Mame is the film version of the hit Broadway musical by Jerry Herman and stars Lucille Ball as Auntie Mame, a full-of-life, rule-defying woman. She’s also the aunt of young Patrick, who arrives in the middle of one of her crazy parties. Donning a bright red outfit, she dances around, guzzles scotch and fails to notice a strange child has walked into her life. But once she focuses her gaze on her young nephew, it is love at first sight, with the film following their fiercely loyal and complicated bond throughout the Depression, her marriage, loss and his adolescence.

Patrick comes from a strict Christian upbringing where rules are followed. Mame rips down the rigid rules, replacing them with a liberal schooling “where there are no books,” and encourages him to indulge in his child-like wonder. The kid loves it. But she loses him and all her belongings to the Depression, and is forced to become clerk at a shoe store. Even then, Mame refuses

to let circumstances get her down. She manages to land herself a rich southern gentleman, whom she then marries and traipses across the globe, enjoying life. When he dies, she returns only to find that the now grown-up Patrick no longer appreciates her eccentric ways, but would rather she cover them when meeting his new fiancée and her family. In the most powerful song in the film,

If He Walked into My Life, Mame asks herself:

At the moment when he needed me,
Did I ever turn away?
Would I be there when he called,
If he walked into my life today.
Were his days a little dull?
Were his nights a little wild?
Did I overstate my plan?
Did I stress the man?
And forget the child.

It’s only when she realizes that she can’t change who she is and Patrick discovers he can’t be someone else, do they find their way back to each other. And off he sends his own son to experience Mame’s world (in Siberia, no less), where she promises to show him “things you never knew existed.”

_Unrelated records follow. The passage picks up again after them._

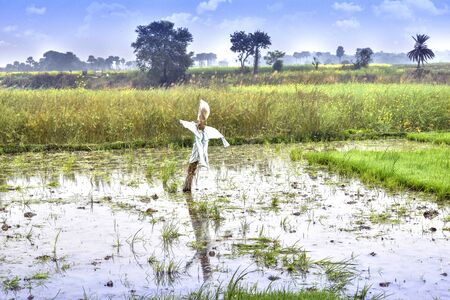 Landscape image of a beautiful village, Paddy field, clouds, sky, winterの写真素材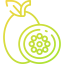 Maracuya icon 64x64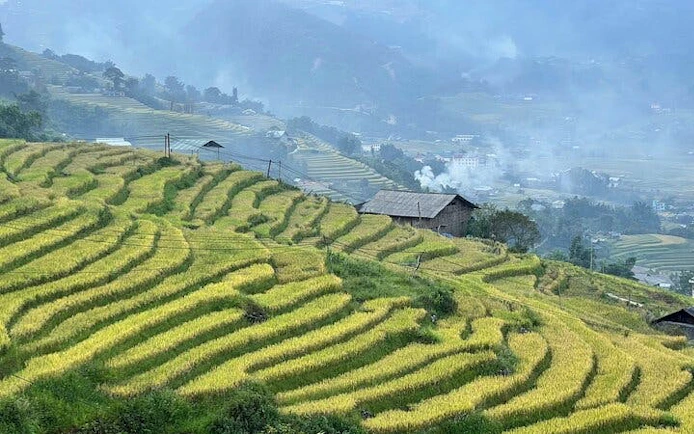 Terraced rice fields in Sapa with a traditional house, misty mountains in the background.
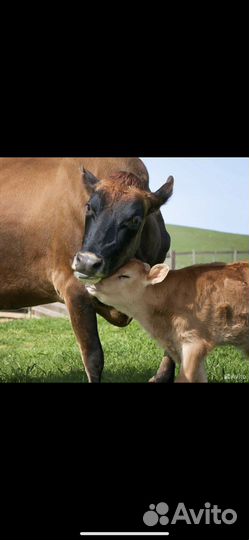 Осеменение коров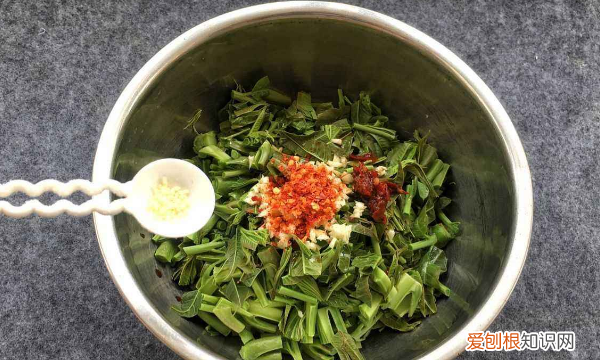 香椿和臭椿的区别,臭椿和香椿区别图片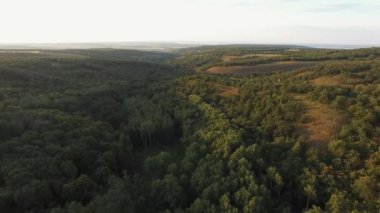 Gün batımında ormanın üzerinde uçmak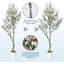 152cm Plant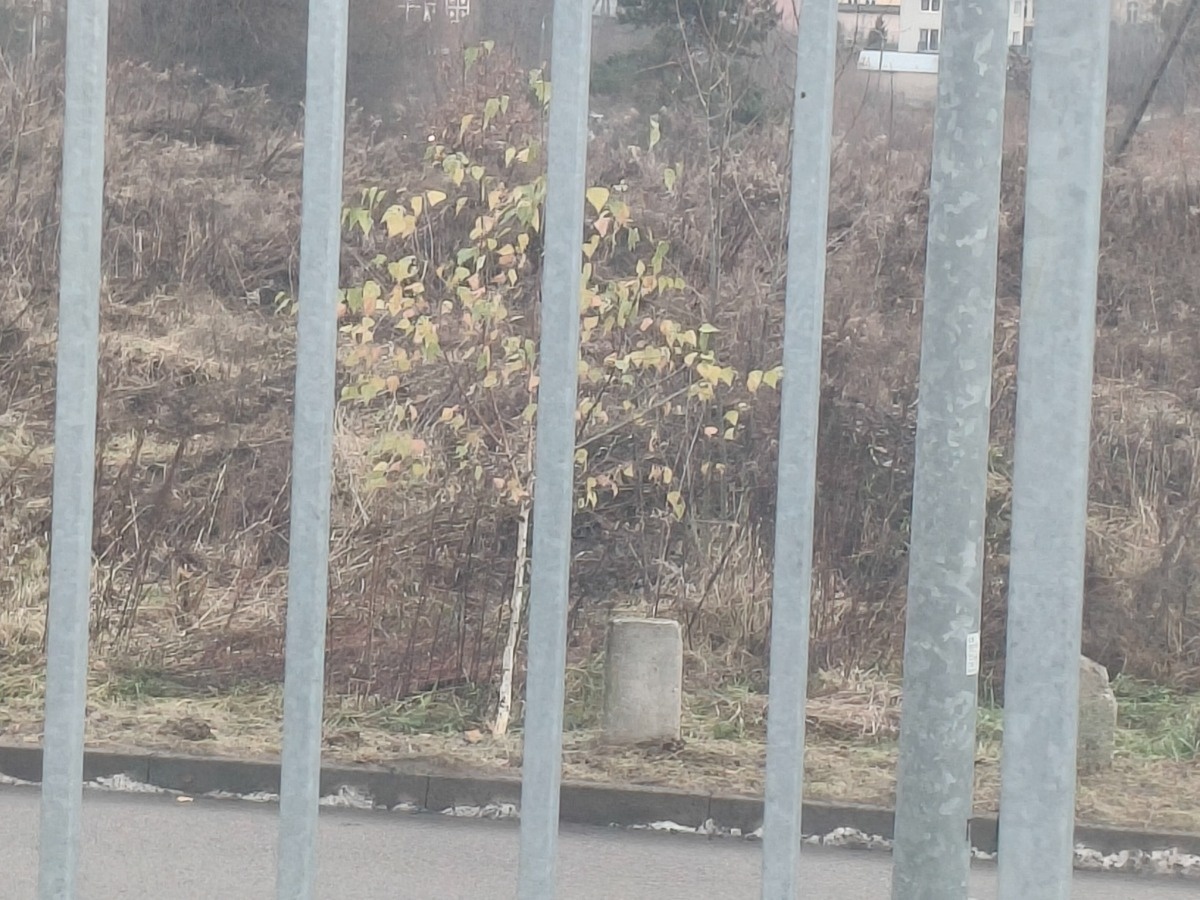 b11f41c7-ebc3-4acc-b524-7f7f25d38d3c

Watching this film it is wholly apparent that Lucille Ball’s singing skills are lacking, but she makes up for that in her bright bursts of comedy and quiet moments of emotion. She gives weight to the love she has for young Patrick, which is the true backbone of the story. Her comedic timing shines alongside the equally talented Beatrice Arthur, who plays her boozy, acid-tongued best friend Vera Charles (a role she reprised from the Broadway play). These moments show that despite her cutting words and physical blunders, Mame is fiercely loving and loyal toward those she loves.

From the moment the audience is ushered into Mame’s wild party in full swing, the sets become quite a presence. The large house, the winding staircase (perfect for sliding down the banister), the colours and decadence all lend itself to the joy Mame indulges in. Later on, when she suffers a huge financial blow, the rooms that were brimming with glamour and glitter are bare; empty spaces with the minimal of furniture. But when her fortune changes, so do the sets. Lush gardens, fountains, ballrooms and mountains serve as backdrop in the musical number written just for the movie, Loving You, celebrating Mame’s marriage, world travels and eventual loss.

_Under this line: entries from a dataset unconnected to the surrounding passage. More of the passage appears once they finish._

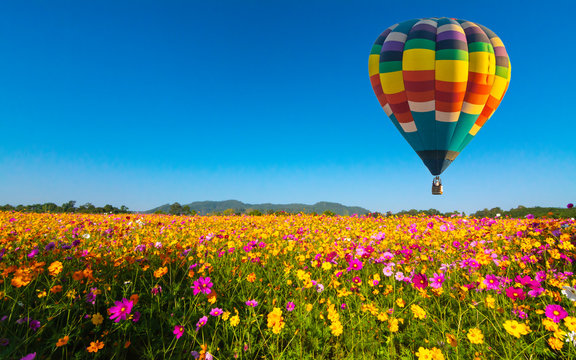 Beautiful colors of the hot air balloons flying on the cosmos flower field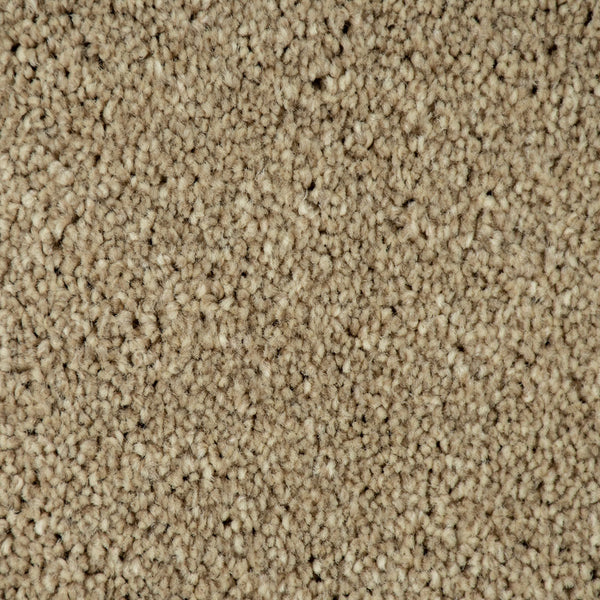 Oatmeal 30 Temptation Carpet Clearance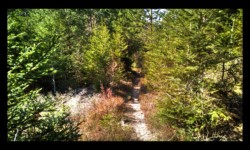 Sentier vers Petersmuehl Sentier vers Petersmuehl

The costumes are gorgeously put together in bold, bright colours for Mame, who always stands out, especially in a crowd. When Mame is at the top of her game, she wears figure-hugging dresses in red, white, or purple. During the Depression, she still dresses like a million bucks, but is relegated to shades of beige and grey.

Since it is a musical, the songs do serve a purpose, pushing the story forward and reflecting the changing emotions of the characters. Lucille Ball’s singing fails to raise the songs to a memorable level, but she does shine in the number she shares with Beatrice Arthur, Bosom Buddies, mainly because both women display an understanding of the complicated relationship between women; the friendship and competition that exists simultaneously with best friends. Also, it’s darn hilarious. The most elaborate song, Mame, boasts a huge cast of dancers, horses and choreography in a large field which gives tribute to the main character. Visually beautiful and quite catchy, the song is fun to watch and reminds the audience they are indeed watching a large-scale musical.

Mame is a fun glimpse into the world of a jet-setting, hard-partying woman who is forced to question her values and ideals through the presence of a child she never prepared herself to raise.